Continued from previous page
In the U.S. (and here was the realism of the debate that followed), the very issue of legality fell away almost instantly. Newspapers rapidly replaced the word “torture” -- when applied to what American interrogators did -- with the term “enhanced interrogation techniques,” which was widely accepted as less controversial and more objective. At the same time, the issue of the legality of such techniques was superseded by a fierce national debate over their efficacy. It has lasted to this day and returned with a bang with the bin Laden killing.
Nothing better illustrates the nature of our post-legal society. Anti-torture laws were on the books in this country.
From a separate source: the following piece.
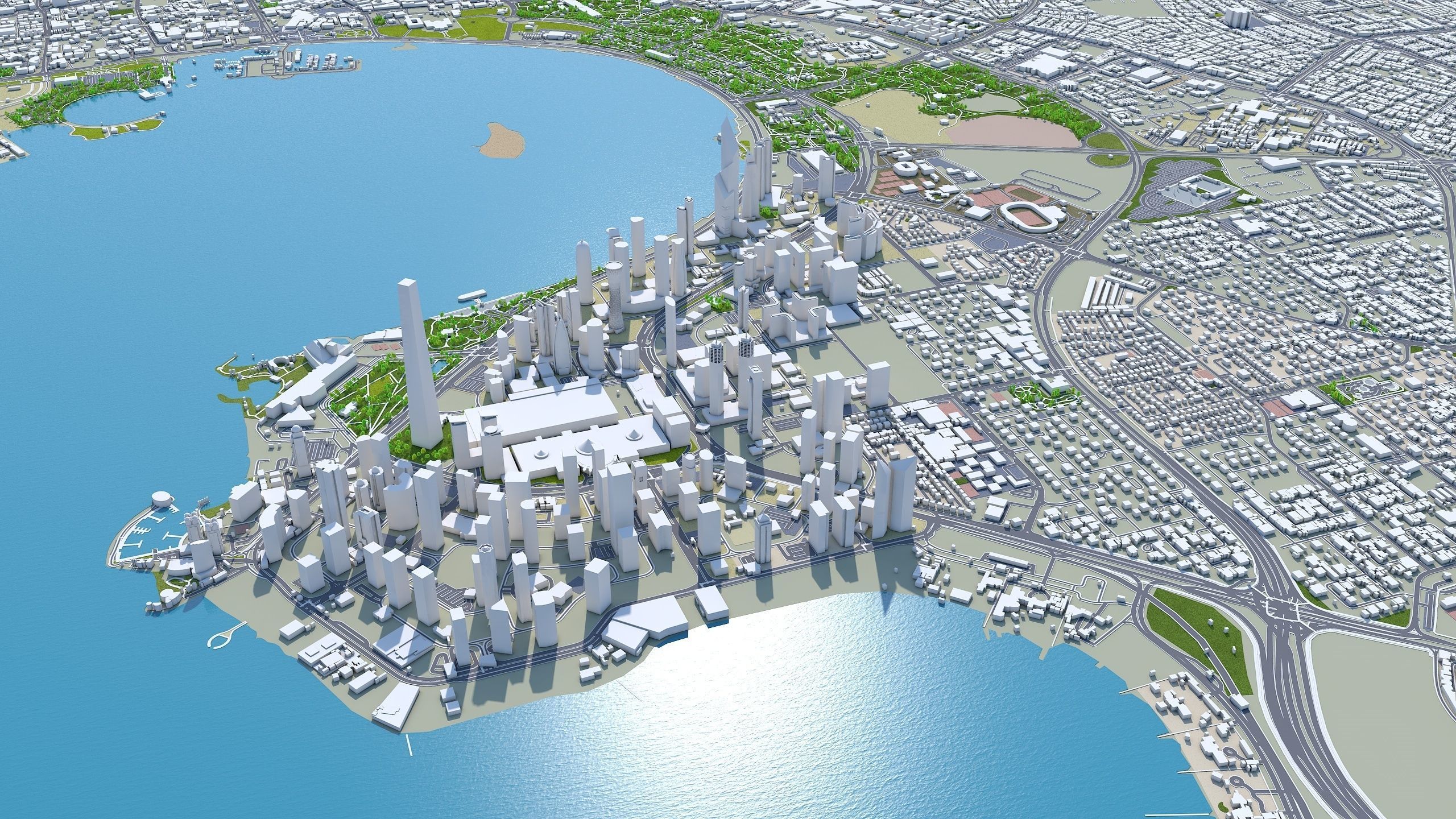 Doha City in Qatar Low-poly 3D model_11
If legality had truly mattered, it would have been beside the point whether torture was an effective way to produce “actionable intelligence” and so prepare the way for the killing of a bin Laden.
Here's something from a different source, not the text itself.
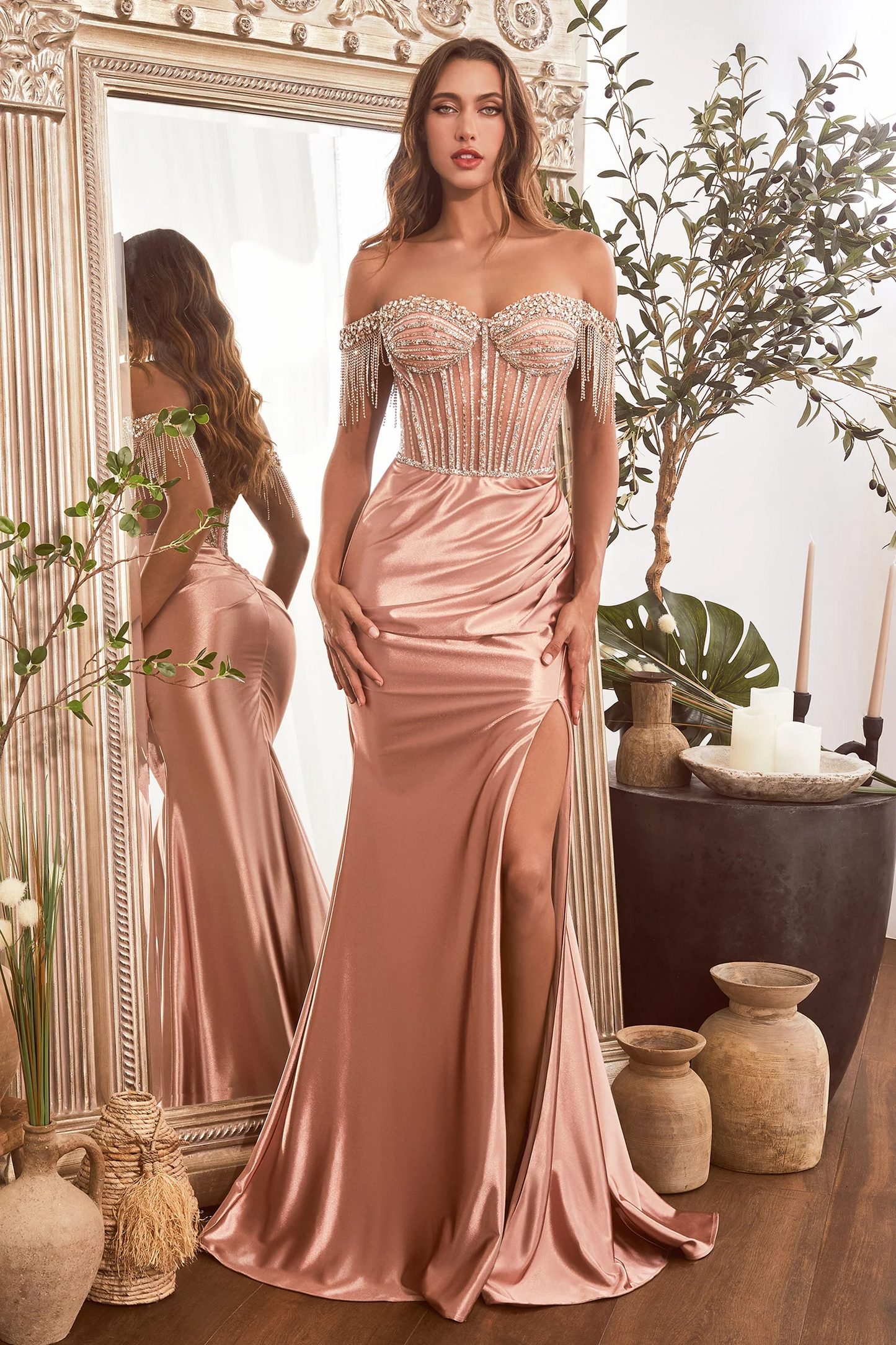 CD24-CD821 EMBELLISHED OFF THE SHOULDER SATIN GOWN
By analogy, it’s perfectly reasonable to argue that robbing banks can be a successful and profitable way to make a living, but who would agree that a successful bank robber hadn’t committed an act as worthy of prosecution as an unsuccessful one caught on the spot? Efficacy wouldn’t matter in a society whose central value was the rule of law. In a post-legal society in which the ultimate value espoused is the safety and protection a national security state can offer you, it means the world.
As if to make the point, the Supreme Court recently offered a post-legal ruling for our moment: it declined to review a lower court ruling that blocked a case in which five men, who had experienced extraordinary rendition (a fancy globalized version of kidnapping) and been turned over to torturing regimes elsewhere by the CIA, tried to get their day in court. No such luck. The Obama administration claimed (as had the Bush administration before it) that simply bringing such a case to court would imperil national security (that is, state secrets) -- and won. As Ben Wizner, the American Civil Liberties Union lawyer who argued the case, summed matters up, "To date, every victim of the Bush administration's torture regime has been denied his day in court."
To put it another way, every CIA torturer, all those involved in acts of rendition, and all the officials who okayed such acts, as well as the lawyers who put their stamp of approval on them, are free to continue their lives untouched. Recently, the Obama administration even went to court to “prevent a lawyer for a former CIA officer convicted in Italy in the kidnapping of a radical Muslim cleric from privately sharing classified information about the case with a Federal District Court judge.” (Yes, Virginia, elsewhere in the world a few Americans have been tried in absentia for Bush-era crimes.) In response, wrote Scott Shane of the New York Times , the judge “pronounced herself ‘literally speechless.’”
The realities of our moment are simple enough: other than abusers too low-level (see England, Lynndie and Graner, Charles) to matter to our national security state, no one in the CIA, and certainly no official of any sort, is going to be prosecuted for the possible crimes Americans committed in the Bush years in pursuit of the Global War on Terror.
On Not Blowing Whistles
It’s beyond symbolic, then, that only one figure from the national security world seems to remain in the “legal” crosshairs: the whistle-blower. If, as the president of the United States, you sign off on a system of warrantless surveillance of Americans -- the sort that not so long ago was against the law in this country -- or if you happen to run a giant telecom company and go along with that system by opening your facilities to government snoops, or if you run the National Security Agencyor are an official in it overseeing the kind of data mining and intelligence gathering that goes with such a program, then -- as recent years have made clear -- you are above the law.